President Barack Obama, who brandished a massive sword over Bashar Assad's head in recent weeks, returned it to its sheath Wednesday. In due course he may draw it again to strike the Syrian regime, but the chance of this is diminishing.
Obama realized that the saber-rattling isn't that effective when the sword he is brandishing is a double-edged one. Without solid support from inside and out, implementing the military option could do more harm than good. All the more so since the sword was presented in advance as a weapon not intended to decapitate Assad, but only to punish him for using chemical weapons against civilians and to send a message about America's resolve at enforcing a behavior code.

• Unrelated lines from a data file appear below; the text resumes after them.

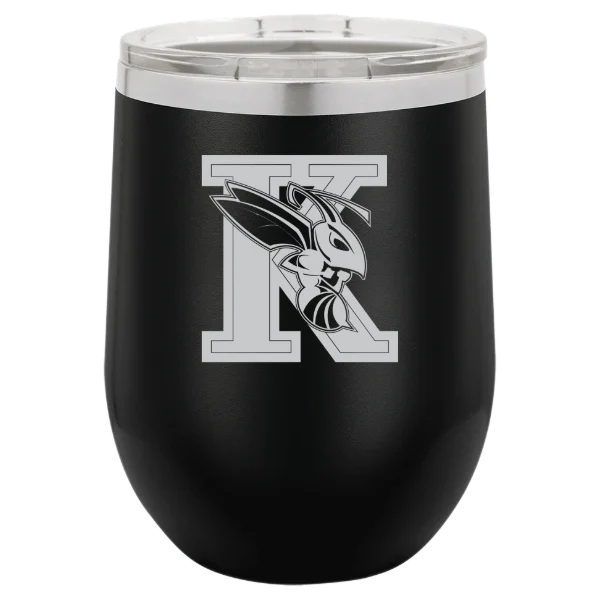 Kalamazoo College Polar Camel 12 oz. Stemless Wine Tumbler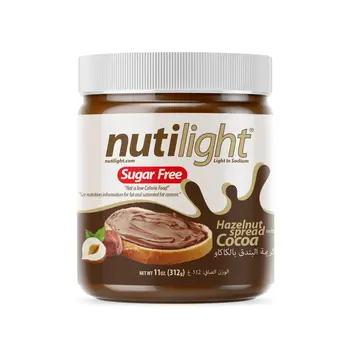 Nuti light Hazelnut Dark Chocolate Spread 312 G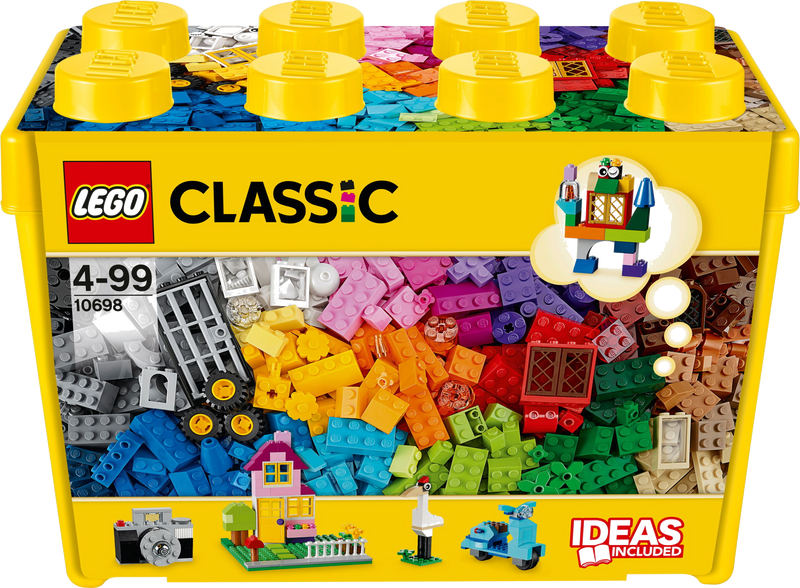 LEGO Classic 10698 Creatieve Grote Opbergdoos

Obama's speech to the American nation, which turned against him across the board – from the Congress to the Pentagon, from the masses to his own wife – marked more than anything else the limits of military intervention. This intervention was ultimately suspended - at least until a new speech. Thus, a limited strike, from afar, without boots on the ground and without any intention of toppling Assad, lest the responsibility for managing the chaos in Damascus be placed on Washington, was aborted. Due to the objections to an operation of such limited scope, one which Obama was dragged into and one which contradicts the platform he had back when he was a senator, the president jumped at the diplomatic opportunity offered by the Russians. There's nothing wrong with that – any plan to solve the crisis must be agreed upon, in broad terms, by the leading powers.
The U.S. president's general direction is commendable – preferring diplomatic means over military ones. If Assad's chemical weapons are subjected to international inspection and gradually dismantled, then the main goal of the Americans will be achieved, with even greater efficiency than through a military operation. A strike would hit those responsible for using the weapons, but would not touch the chemical warfare stockpile itself, which could then be dispersed and harm the Syrian people.
The combination of contained military power and diplomatic leverage, exercised mainly by Assad's chief patron Russian President Vladimir Putin, is more practical than a military strike with no strategic follow-up plan.
It is also a lesson that can be applied to the Iranian nuclear issue. A broad international front – American, Russian and Chinese, without the prominence of Israel – must set realistic, not messianic goals and do so without the urge to pull the trigger, if it is to prod the Iranian leadership into making sober decisions.